Harpreet  Harpreet Dhaliwal, Territory Manager

I like being a woman in science because I like the challenge. I have still found people who are surprised that I work in science, it wasn’t what people assumed I’d do. I don’t know why this still happens when we look at how many women are in science now. People speak of their jobs in science with pride but for some reason, when a woman says it, there is still a bit of a shock or surprise. I like that there are more of us now though. Though people don’t always expect it right now, the more of us there are, the more people will expect it. I hope the next generation of women won’t find that science is male dominated. I think there are a lot of clever people in science and it should just be the person with the right brain for the job that does it.

I would tell anybody looking at a career in science not to be scared of it. It’s easy to be put off by outside influences, or think that it will be too hard or too nerdy. They are the same cliches that say you have to be really brainy and book clever. I think you just have to be good at working things out.

I wouldn’t say I am the cleverest person, and I don’t always think I pick things up very quickly, but I apply myself. I don’t see why girls or women should be put off from a young age if they’re not “the clever ones.” Science is open for everyone and  I don’t think people take enough of a chance at it. I saw it happen to other girls at school who were pushed towards subjects that weren’t core sciences. Some of those people have still ended up in medical jobs like nursing but they shouldn’t have had to wait till later in life. They should have been encouraged at school. Everyone should be encouraged to work their hardest and if they want to study science, they shouldn’t be put off from it.

 

Sue   Sue Willis, Development Chemist

I graduated in Chemistry from Leeds University and went straight into the coatings industry, working with a company called International Paint. When I started I was the only girl in a laboratory of 12. I’ve since worked with some lovely women, but we’re often in the very distinct minority. I’ve been throughout different companies in the industry, from family-owned to international companies. I’ve worked in processing as well as development work where I made sure everything ran to time and solved any issues in the plant. I did get promoted at one stage to being a Technical Director at a family owned firm, which was an honour.

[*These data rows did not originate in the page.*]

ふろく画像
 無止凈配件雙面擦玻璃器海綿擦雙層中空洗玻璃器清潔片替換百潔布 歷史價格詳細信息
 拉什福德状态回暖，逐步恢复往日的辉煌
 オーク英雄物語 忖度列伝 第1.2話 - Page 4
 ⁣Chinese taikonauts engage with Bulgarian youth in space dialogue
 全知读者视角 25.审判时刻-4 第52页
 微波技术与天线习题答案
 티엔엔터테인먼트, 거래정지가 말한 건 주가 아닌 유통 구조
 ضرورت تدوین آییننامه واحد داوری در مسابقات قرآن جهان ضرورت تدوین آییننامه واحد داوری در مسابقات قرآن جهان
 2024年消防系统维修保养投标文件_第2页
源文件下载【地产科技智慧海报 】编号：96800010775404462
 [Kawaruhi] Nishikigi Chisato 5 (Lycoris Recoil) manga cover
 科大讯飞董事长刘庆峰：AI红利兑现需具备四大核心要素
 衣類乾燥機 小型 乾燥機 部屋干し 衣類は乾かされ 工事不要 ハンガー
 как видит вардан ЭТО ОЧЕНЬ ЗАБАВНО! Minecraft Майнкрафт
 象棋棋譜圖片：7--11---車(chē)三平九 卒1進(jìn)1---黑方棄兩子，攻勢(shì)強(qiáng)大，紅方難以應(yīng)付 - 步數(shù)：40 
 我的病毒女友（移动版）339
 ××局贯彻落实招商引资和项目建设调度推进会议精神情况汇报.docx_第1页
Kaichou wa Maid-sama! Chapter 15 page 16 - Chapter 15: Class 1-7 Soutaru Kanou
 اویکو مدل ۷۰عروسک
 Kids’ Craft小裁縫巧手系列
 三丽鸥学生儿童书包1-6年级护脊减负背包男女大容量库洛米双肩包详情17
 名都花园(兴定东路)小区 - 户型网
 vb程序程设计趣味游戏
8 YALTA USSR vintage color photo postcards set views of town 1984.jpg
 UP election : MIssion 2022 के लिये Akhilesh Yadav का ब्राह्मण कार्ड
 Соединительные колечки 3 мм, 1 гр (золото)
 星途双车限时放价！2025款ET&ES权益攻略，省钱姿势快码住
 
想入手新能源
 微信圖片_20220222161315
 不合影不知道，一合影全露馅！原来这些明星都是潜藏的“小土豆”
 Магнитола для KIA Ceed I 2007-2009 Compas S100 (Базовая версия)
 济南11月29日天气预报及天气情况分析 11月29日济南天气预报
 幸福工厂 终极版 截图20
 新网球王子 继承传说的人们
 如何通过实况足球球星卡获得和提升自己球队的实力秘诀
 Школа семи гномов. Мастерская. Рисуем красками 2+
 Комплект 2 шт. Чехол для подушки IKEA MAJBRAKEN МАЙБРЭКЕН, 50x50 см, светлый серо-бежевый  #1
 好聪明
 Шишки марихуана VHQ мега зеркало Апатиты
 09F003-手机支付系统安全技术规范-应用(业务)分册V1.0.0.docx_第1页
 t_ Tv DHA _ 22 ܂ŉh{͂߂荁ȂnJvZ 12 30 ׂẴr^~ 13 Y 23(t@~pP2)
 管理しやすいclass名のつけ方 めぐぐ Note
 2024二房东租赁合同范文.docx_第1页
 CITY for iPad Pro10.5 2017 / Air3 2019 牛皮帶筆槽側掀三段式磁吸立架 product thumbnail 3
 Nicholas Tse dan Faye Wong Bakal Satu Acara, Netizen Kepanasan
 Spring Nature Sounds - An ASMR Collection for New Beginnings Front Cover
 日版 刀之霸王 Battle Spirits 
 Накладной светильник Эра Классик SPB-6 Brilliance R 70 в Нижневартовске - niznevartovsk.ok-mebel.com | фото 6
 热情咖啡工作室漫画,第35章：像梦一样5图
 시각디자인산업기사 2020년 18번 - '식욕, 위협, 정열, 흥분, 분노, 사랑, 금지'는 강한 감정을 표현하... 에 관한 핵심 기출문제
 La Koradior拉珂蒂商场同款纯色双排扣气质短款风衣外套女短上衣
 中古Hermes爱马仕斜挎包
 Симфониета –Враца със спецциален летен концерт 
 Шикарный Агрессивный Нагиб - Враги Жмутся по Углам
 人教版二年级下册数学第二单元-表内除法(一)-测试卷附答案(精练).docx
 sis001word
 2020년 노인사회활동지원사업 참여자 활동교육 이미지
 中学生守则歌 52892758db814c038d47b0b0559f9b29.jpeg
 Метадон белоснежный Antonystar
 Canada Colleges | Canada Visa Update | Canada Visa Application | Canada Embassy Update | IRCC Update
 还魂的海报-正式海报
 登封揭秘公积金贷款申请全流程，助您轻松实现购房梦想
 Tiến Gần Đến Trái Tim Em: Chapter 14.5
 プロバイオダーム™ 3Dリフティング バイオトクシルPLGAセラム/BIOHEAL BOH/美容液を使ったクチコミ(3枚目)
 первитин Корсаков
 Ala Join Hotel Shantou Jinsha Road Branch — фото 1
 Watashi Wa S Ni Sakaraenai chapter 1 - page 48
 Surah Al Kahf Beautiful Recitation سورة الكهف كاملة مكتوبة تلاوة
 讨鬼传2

If I was encouraging girls to look at science as a profession, I would say that yes- there are still some very masculine points of view in some industries, such as the paint industry. At the time, it sent shockwaves round the industry when I was promoted to Technical Manager, and then to Technical Director. There were some very old-fashioned attitudes, and they are going away, but there are still people of a certain generation who perpetuate that.

I think that while you need to be aware that it can still go on, the strength of a team is in its diversity, and women add to that. We don’t necessarily think the same way as men- we have different experiences- but it all comes together to make a much stronger whole. People used to ask if I was “one of the guys” when I went onto the factory floor and I had to tell them no- I’m myself, and I don’t need to pretend to be one of the guys. I think you should be yourself and not change your personality or the way you work because of the environment you’re in.